By MIKE MAGEE, MD
What a strange irony. Trump decides, full-bravado, to challenge China to a trade war just months before China unwittingly hatches a virulent pandemic that collapses our deeply segmented health care system and our economy simultaneously. And rather than cry “Uncle”, our President then fires the WHO just as their experts are heading to China to attempt to unravel the mystery of COVID-19.
With the ongoing, cascading catastrophe of Trump’s mishandling of COVID-19, it is easy to lose sight that the next pandemic (fueled by global warming, global trade, and human and animal migration) is just around the corner. And we haven’t even begun to nail down the origin story of this one.
Unraveling the transmission trail requires international cooperation. As one expert recently noted, “Origin riddles for other new infectious diseases often took years to solve, and the route to answers has involved wrong turns, surprising twists, technological advances, lawsuits, allegations of cover-ups, and high-level politics.”
What we do know is that there are originators, intermediate hosts, and human super-spreaders….and COVID-19 appears to have begun in China. These are not new insights. We’ve seen this playbook before.
The 2002 Severe Acute Respiratory Syndrome (SARS) rode palm civets to the human hosts.
The 2012 Middle East Respiratory Syndrome (MERS) utilized camals as intermediaries.
The Influenza Pandemic of 2009 traveled through Mexican pigs which had been imported from Europe.
This particular tragedy appears to have begun in Wuhan, China, with the first documented case occurring in December, 2019. The city is the site of the Wuhan Institute of Virology lead by the highly recognized bat virologist Shi-Zheng-Li.
WHO experts will be meeting with China’s experts to share information that has only been released in bits and pieces.
For example, the original working assumption is that this pandemic began in Wuhan’s open seafood market.
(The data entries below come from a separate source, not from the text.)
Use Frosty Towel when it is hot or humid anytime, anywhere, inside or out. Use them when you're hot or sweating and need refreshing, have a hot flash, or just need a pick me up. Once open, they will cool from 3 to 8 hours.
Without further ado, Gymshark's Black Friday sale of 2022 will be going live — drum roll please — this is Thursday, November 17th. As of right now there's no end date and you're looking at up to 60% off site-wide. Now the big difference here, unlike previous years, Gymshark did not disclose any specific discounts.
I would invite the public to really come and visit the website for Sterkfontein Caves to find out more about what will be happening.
In January, 2020, there was a small cluster of pneumonias there, and the market was closed and disinfected. But a later study outlined five early cases, four of which had no ties to the market.
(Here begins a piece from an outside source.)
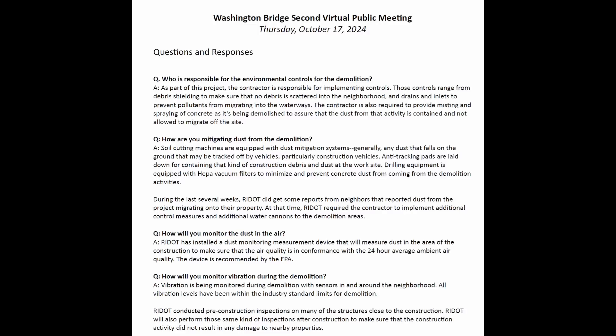If distress is pre-existing, you want to clearly document that. The other part is to help you identify if these structures are more sensitive to vibrations than you may have thought, so it helps you adjust your allowable limits for vibration if necessary. This next information came from a virtual meeting that RIDOT held — I think the governor was on that call as well — on October 17th, 2024.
The next thrust, fueled in part by the Trump administration, was the pandemic was the result of an inadvertent or purposeful release of the microbe by Shi. Scientists who have now studied the viral genome have uncovered no telltale marks of lab-based engineering.
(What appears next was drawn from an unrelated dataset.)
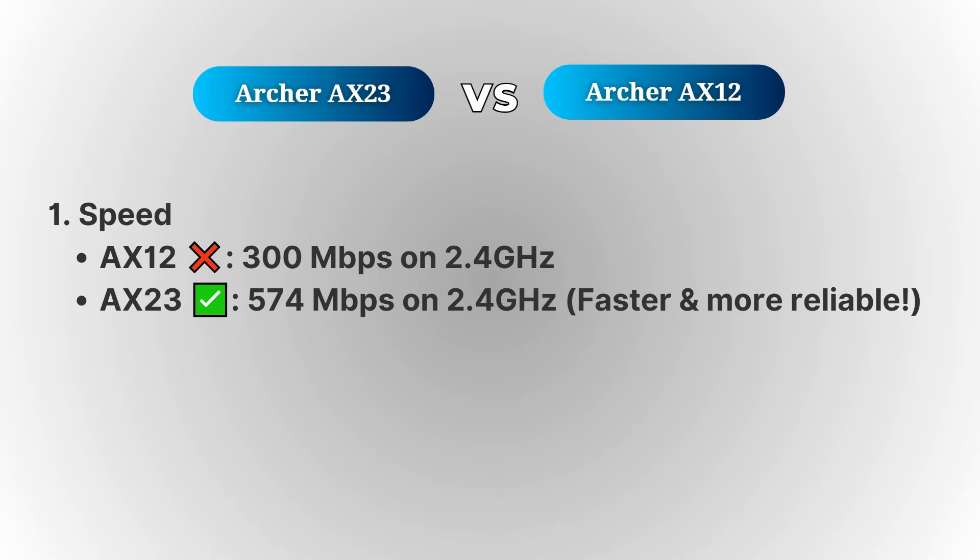So if you're someone who needs faster speeds for things like gaming, streaming, or large file downloads, the AX23 would definitely give you the edge in terms of performance.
The lead theory presently is bat-based transmission through an animal intermediary, possibly feral cats, led to the first human infections.
A hostile US government has not served to enhance information exchange. Quite to the contrary. Enlightened leaders are fully supporting the WHO, seeking answers to questions as recently detailed by veteran Science writer Jon Cohen:
1. “Does more epidemiological data exist about the earliest cases than have been made public so far…?”
2. “How aggressively have Chinese researchers looked for SARS-CoV-2 in samples collected before the first known cases in Wuhan?”
3. “Have they looked outside of Wuhan? How far back in time have they probed?”
4. “Can widespread screens be done of bats and other wild animal species thought to be susceptible to SARS-CoV-2 and common in China, including primates, deer, and rodents?”
5. “Can widespread screening of susceptible domesticated animals provide clues to COVID-19’s origin?”
6. “Do stored samples from farmed animals exist?”
7. “Can widespread screening take place of people in China who might come in contact with bats or other wildlife that harbor SARS-CoV-2?”
8. “Do government health reports contain any information about possible COVID-19 cases that predate 1 December 2019, the first confirmed case of SARS-CoV-2 in the scientific literature?”
9. “Are there stored samples from sewage plants in China that can be probed?”
10. “Did Shi’s team ever work with coronaviruses in that lab, and, if so, why?”
Answers to these questions, and many others that affect the future of our nation, await the results of November’s election.
Mike Magee is a Medical Historian and author of “Code Blue: Inside the Medical Industrial Complex” (Grove Atlantic/June, 2019).
Categories: Uncategorized
Thanks for this, Peter. Many of us would agree with your premise that Trump has the capacity to target vulnerable, non-supportive populations whether by commission or omission. There is also the possibility, supported by Mary Trump’s recent book that he is lazy, incompetent and incapable of leading on this level. Either way, we have a pressing duty this November to vote him and all his enablers out of office. If we are able to do so decisively, we may have the opportunity to not only right his wrongs but improve American society for all of our citizens. National health care would be a logical starting point. Best, Mike
I think the Trump/Republican response to covid has been purely a political war. When they found significantly higher numbers of those infected/died were in the poor, black, hispanic communities it was a political strategy to “mismanage” the pandemic because they were mostly Democratic voters. That’s why vote by mail is not supported by Republicans – it increases turnout of Democratic voters.
New York was the first major epicenter and we saw how Trump did mostly nothing for them while giving Florida everything they wanted. We’ve also seen the distribution of covid emergency money as unaccountable from oversight as the inspector general was fired.